Il a été barman à 14 ans, graphiste pour une compagnie de sous-vêtements, chasseur de serpents pour le vivarium de Miami - jusqu'au jour où il s'est fait mordre vilainement. Il s'est mis à l'Hébreux et au Grec ancien pour mieux s'adonner à l'exégèse des textes sacrés. Il a descendu des centaines de verres de whisky avec son grand ami Hubert Selby Jr. et a prédit son propre décés pour 2012, parce que cela lui "semble une bonne année pour mourir". Avant de raconter des histoires, l'américain Nick Tosches en a pas mal vécu.
Journaliste rock, romancier, biographe et poète sont les quatre facettes indissociables de ce visage buriné par une vie en forme de cavale. Depuis 40 ans, Nick Tosches brosse au peigne ultra-fin les tifs de la sub-culture américaine, celle des marges, qu'elle soit faite de guitares et/ou de flingues. Comme romancier, il s'est aventuré dans la fange interlope du polar avec Trinité et La Religion des Ratés. Comme journaliste musical, il a élevé un pinacle aux Héros Oubliés du Rock'n'Roll et a fouillé avec la même ferveur qu'un archéologue dans les strates les plus profondes de la Country music.

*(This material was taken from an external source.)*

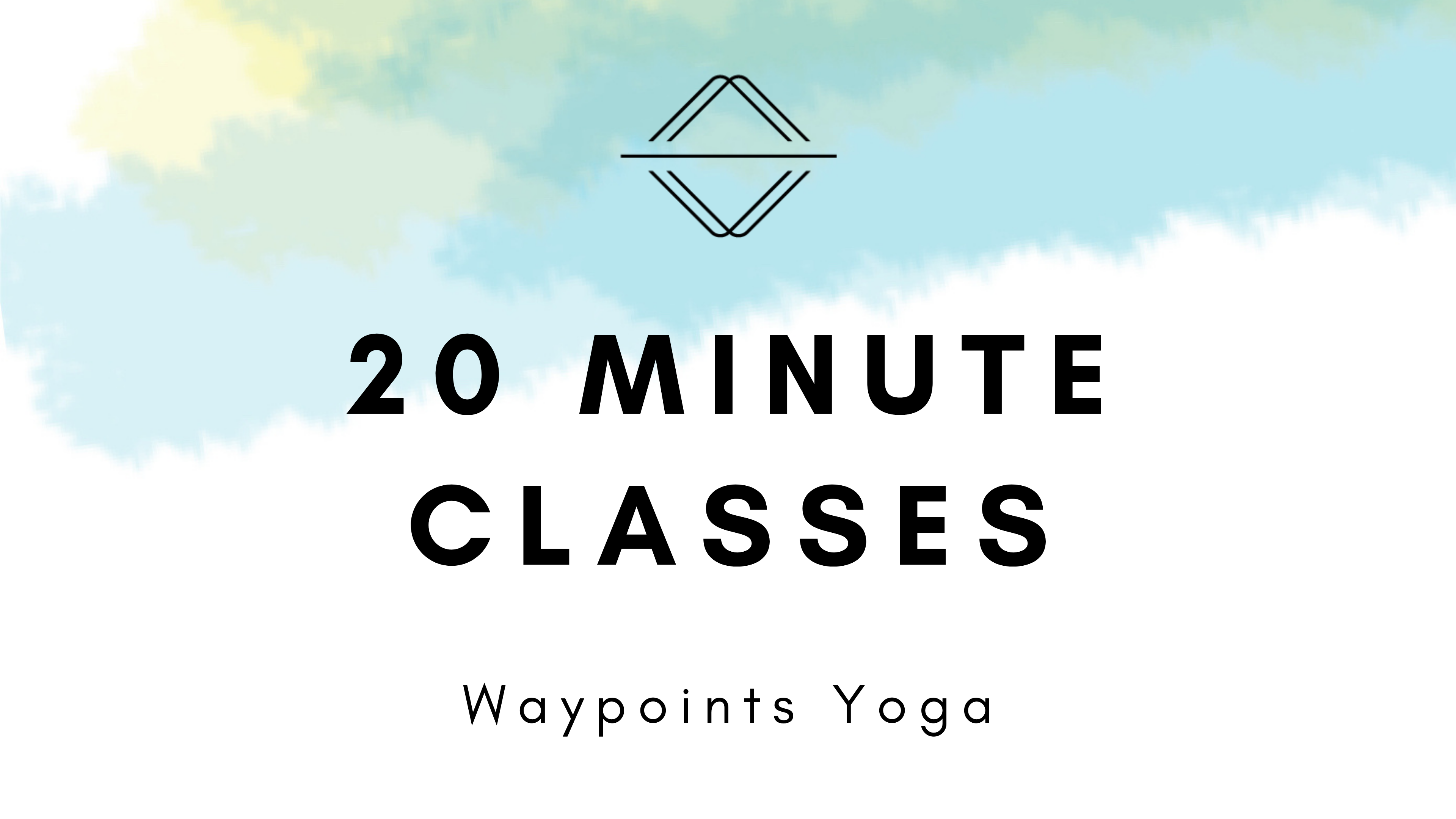 20 Minute Yoga Classes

Mais Nick Tosches atteint son épiphanie dans l'art de la biographie, qu'il sublime avec poésie, dévotion minutieuse, dialogues rapportés (ou inventés, qu'importe), et urgence rock. À travers les vies de l'acteur Dean Martin avec Dino, des ménestrels blancs grimés en noir dans Blackface, du Gangster Arnold Rothstein, dit Le Roi des Juifs, ou du boxeurs Sonny Liston dans Night Train, Nick Tosches peint une Amérique aux couleurs or, noir et rouge sang. Son chef-d'oeuvre reste Hellfire, un portrait crépusculaire de Jerry Lee Lewis, course vers une mort certaine mais qui n'arrive jamais, laissant le pianiste seul, entouré par Dieu, Satan, ses propres des démons (alcools & drogues) et les fantômes des proches qu'il a enterré au fil des ans.
Les excellentes éditions Allia viennent de traduire Réserve Ta Dernière Danse avec Satan, un court livre (137p.) grossi depuis un article publié pour la première fois sous le titre Hipsters and Hoodlums, dans le Vanity Fair de décembre 2000. Tosches nous emmène au début des années 50, dans les sous-bois de la musique américaine. La bête rock'n'roll commence à peine à rugir, Elvis est déjà en train de l'usurper et dans 10 ans les Beatles, ce "groupe de filles idiot avec des organes génitaux mâles" dixit l'auteur, en seront devenus les meilleurs VRP.
Trafic de droits d'auteur, mystification des véritables intérprètes des morceaux, disc-jockey véreux payés par les majors pour passer leurs disques, du cul, des maisons de disques fantoches montées par la mafia afin de blanchir de l'argent, Tosches raconte une industrie musicale sans éthique ni méthode, a peine consciente de ce qu'elle est en train d'accomplir pour le rock : graver dans le vinyle ses plus beaux morceaux et dans le marbre ses plus belles épigraphes.
Avec cette méticulosité démente qui est sa marque de fabrique, Tosches dépoussière les vinyles oubliés, fouille les archives, part à la recherche des morts, rencontre les survivants afin de vérifier, avant qu'il ne soit définitivement trop tard, la véracité de chaque fait, chaque chiffre, chaque date. Interviewé peu de temps avant sa mort, Jesse Stone (musicien, producteur et l'un de ces fameux Héros oubliés du Rock de Toches) se souvient comment des mafiosi de Chicago l'engagèrent pour diriger une compagnie de disque écran, installée au dernier étage de l'immeuble du club Playboy :
"C'était le bordel. Ces types ramenaient leurs nanas du moment, genre les filles déguisées en lapins qui étaient hôtesses au Playboy ou autres, pour qu'elles enregistrent des disques. Ils filaient aux filles un vague texte et me les envoyaient. Elles étaient toutes incapables de chanter."
Comme le résume si bien la première phrase du livre, "C'était une grande époque, on l'aura compris."